## TASK TO COMPLETE
What you return must match the listing below character for character, minus any pictures.

## DATA BELOW
Content starts
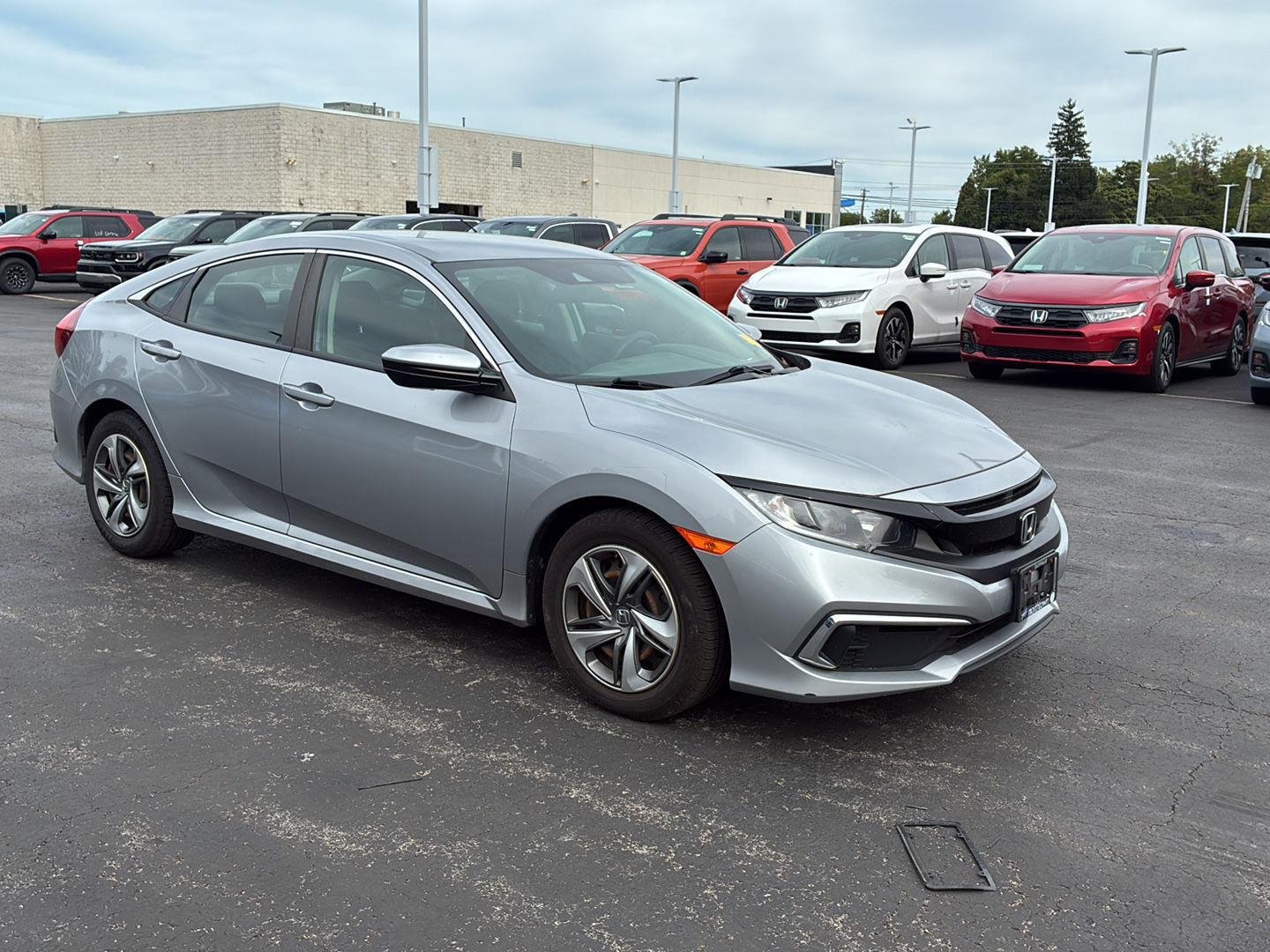 Used 2019 Lunar Silver Metallic Honda LX image 18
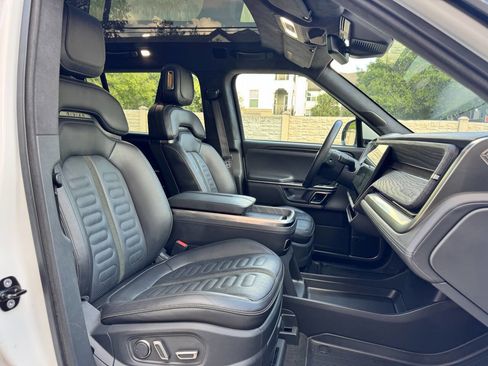 Used 2022 Rivian R1S Launch Edition image 26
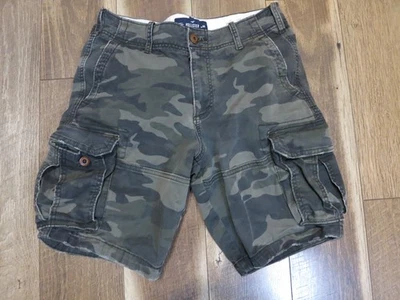 Hollister Men's Green Camo Heavy Weight Classic Cargo Shorts Sz 30 - Image 1 of 4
Content ends
## TASK RESPONSE
 Used 2019 Lunar Silver Metallic Honda LX image 18
 Used 2022 Rivian R1S Launch Edition image 26
 Hollister Men's Green Camo Heavy Weight Classic Cargo Shorts Sz 30 - Image 1 of 4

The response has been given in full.